Instead of arranging the light emitting element 220 diagonally, the light reflecting member 240 may be arranged diagonally. That is, the light emitting element 220 may be arranged parallel or perpendicular to the inner side surface 210c or the outer side surface 210d of the base 210, and the light reflecting member 240 may be arranged so as not to be parallel and perpendicular to each other. In addition, parallel or vertical here allows a difference within ± 5 degrees.

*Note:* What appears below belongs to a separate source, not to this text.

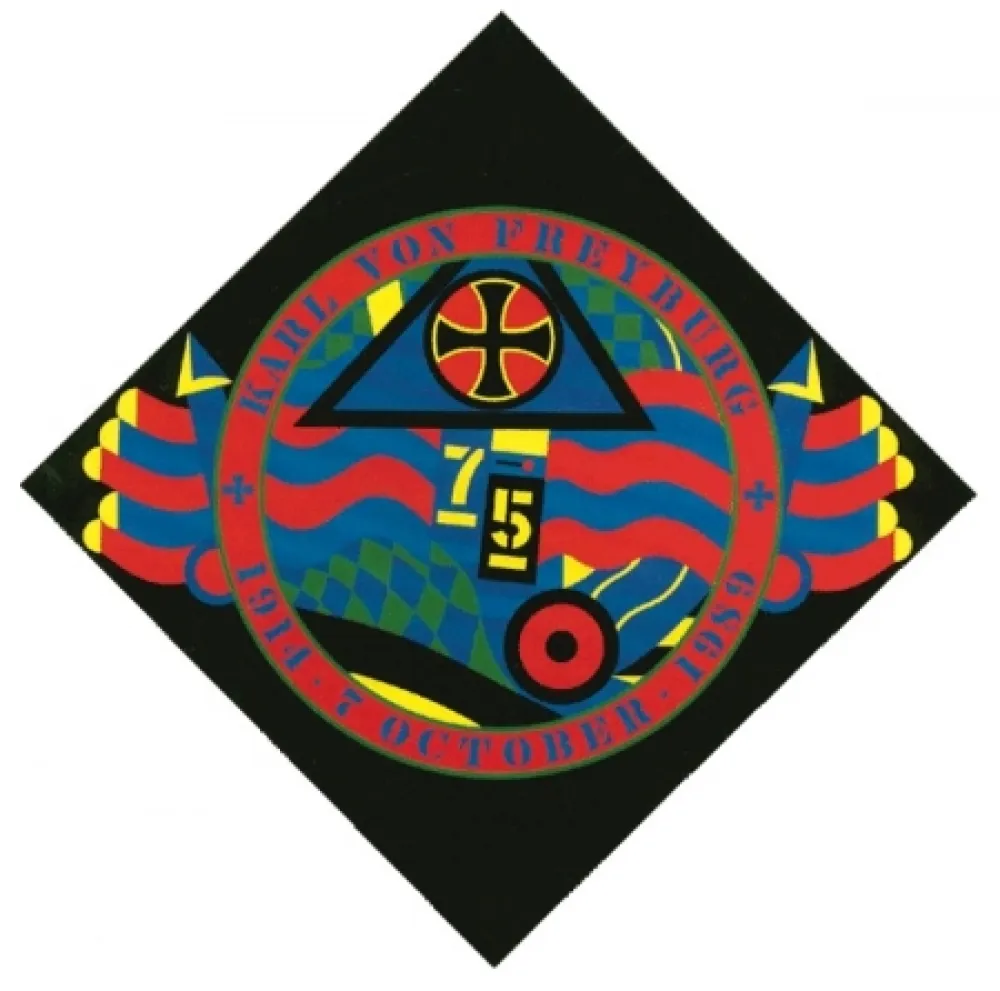 Screenprint Indiana - Hartley Elegies 6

The light emitted from the emission end face of each of the two light emitting elements 220 irradiates the corresponding light reflecting member 240. The corresponding light reflecting member 240 is a light reflecting member 240 arranged on the same metal film. The light emitting element 220 is arranged so that the light of at least the main portion is irradiated to the light reflecting surface 241.

Further, between the corresponding light emitting element 220 and the light reflecting member 240, the light emitting element 220 is located farther from the point of symmetry than the light reflecting member 240. Therefore, the light emitted from the light emitting element 220 travels in the direction approaching the point of symmetry. Further, at least one of the two light emitting elements 220 is arranged at a position close to the temperature measuring element 260. Thereby, the temperature of the light emitting element 220 can be measured satisfactorily.

The submount 230 in which the light emitting element 220 is arranged serves as a heat radiating member in the light emitting device 200 to release heat generated from the light emitting element 220. In order to make the submount 230 function as a heat radiating member, it may be formed of a material having a higher thermal conductivity than the light emitting element 220. Further, if the base 210 is made of a material having a higher thermal conductivity than the bottom surface 210e, a higher heat dissipation effect can be obtained.

Further, the submount 230 can play a role of adjusting the light emission position of the light emitting element 220 in the light emitting device 200. For example, the submount 230 can be used as an adjusting member when it is desired to make the light passing through the optical axis horizontal to the bottom surface 210e and to irradiate a predetermined position on the light reflecting surface 241.

The light emitting element 220, the protective element 250, and the temperature measuring element 260 are electrically connected to a metal film provided on the bottom surface 210e of the base 210 via the corresponding wiring 270. A metal film provided on the bottom surface 210e of the base 210 is used for electrical connection between these elements and an external power source. As a result, these elements and the external power supply can be electrically connected via the metal film on the upper surface 210a of the base 210.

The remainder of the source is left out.